What this task involves. With the pictures set aside, return the lines below exactly, beginning at the first and ending at the line containing "Nahaufnahme eines hölzernen".

Recorded data.
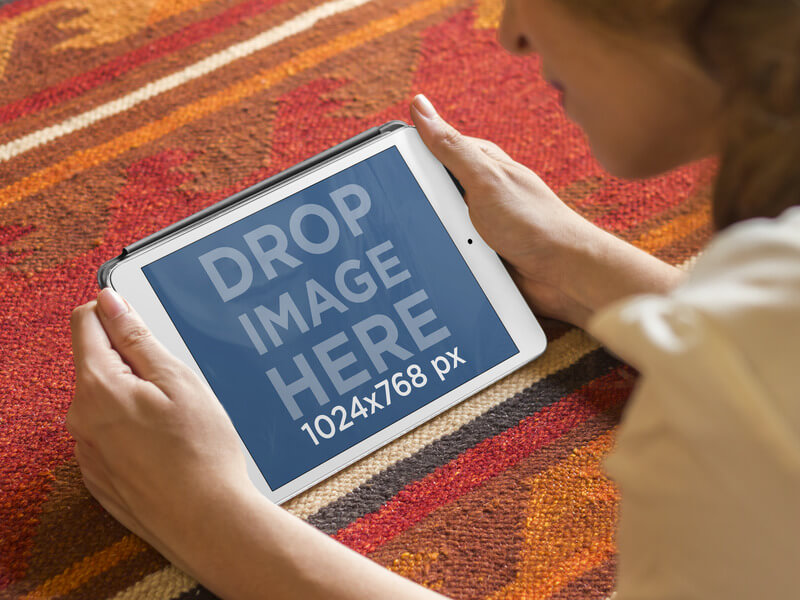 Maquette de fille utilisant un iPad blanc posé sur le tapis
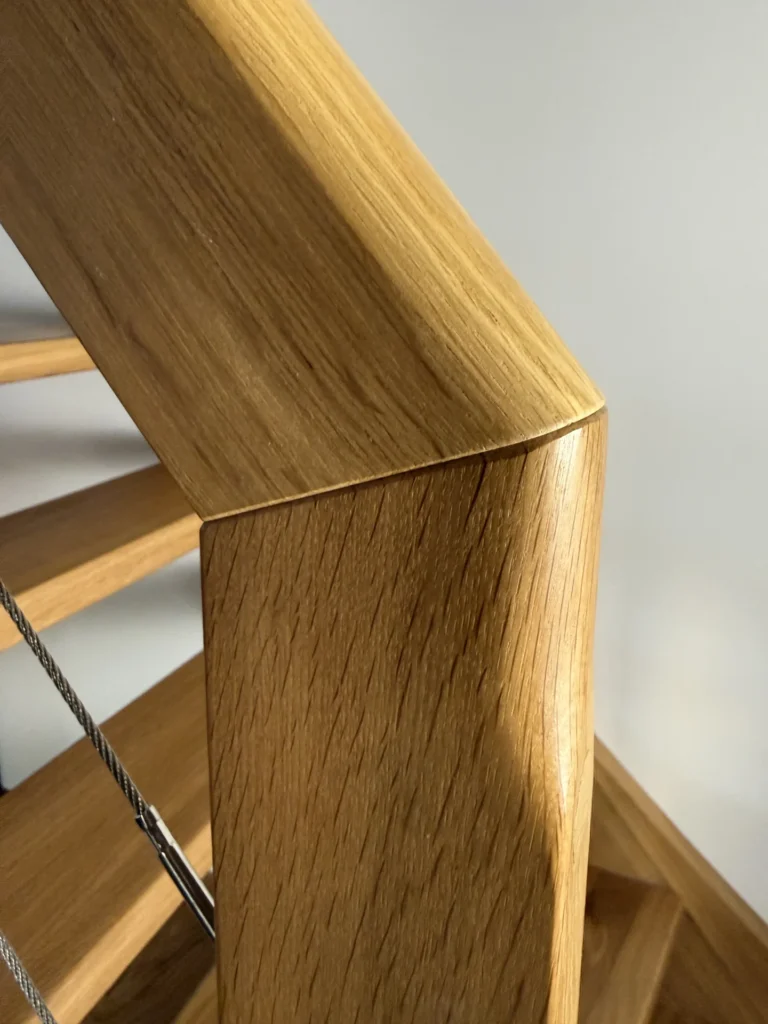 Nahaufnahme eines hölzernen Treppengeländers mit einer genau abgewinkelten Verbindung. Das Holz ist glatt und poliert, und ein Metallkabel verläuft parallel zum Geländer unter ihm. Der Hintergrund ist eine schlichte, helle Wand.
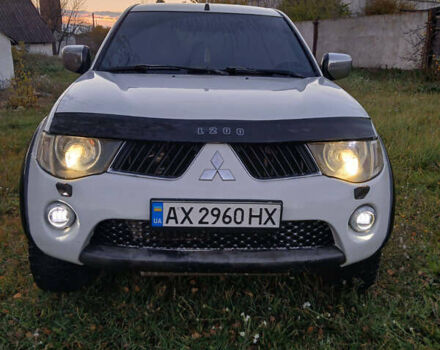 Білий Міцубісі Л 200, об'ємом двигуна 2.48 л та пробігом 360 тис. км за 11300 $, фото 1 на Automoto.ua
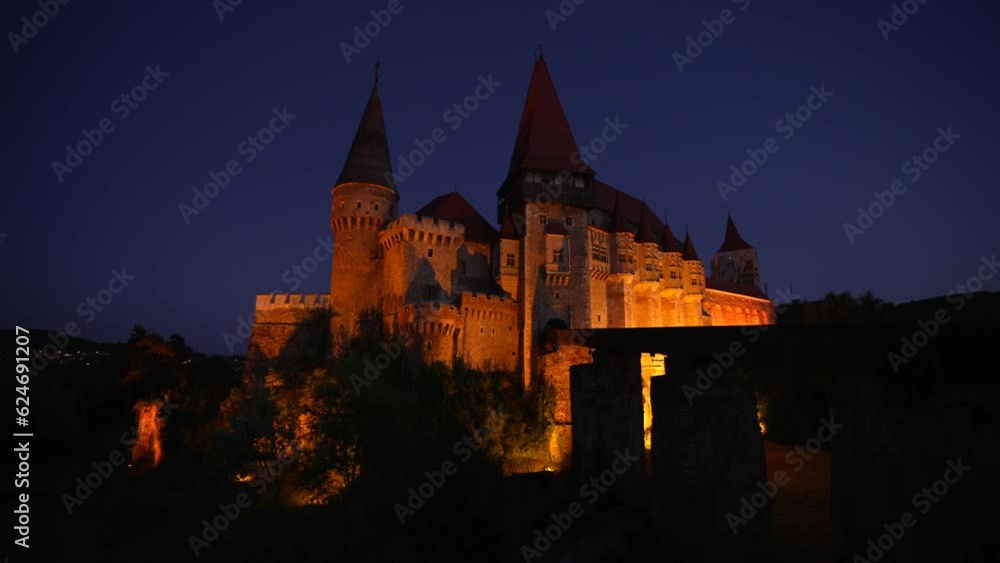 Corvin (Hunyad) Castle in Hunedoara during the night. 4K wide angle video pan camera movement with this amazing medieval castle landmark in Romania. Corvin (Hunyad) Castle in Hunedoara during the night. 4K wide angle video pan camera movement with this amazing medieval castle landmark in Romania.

Problem solution.
 Maquette de fille utilisant un iPad blanc posé sur le tapis
 Nahaufnahme eines hölzernen Treppengeländers mit einer genau abgewinkelten Verbindung. Das Holz ist glatt und poliert, und ein Metallkabel verläuft parallel zum Geländer unter ihm. Der Hintergrund ist eine schlichte, helle Wand.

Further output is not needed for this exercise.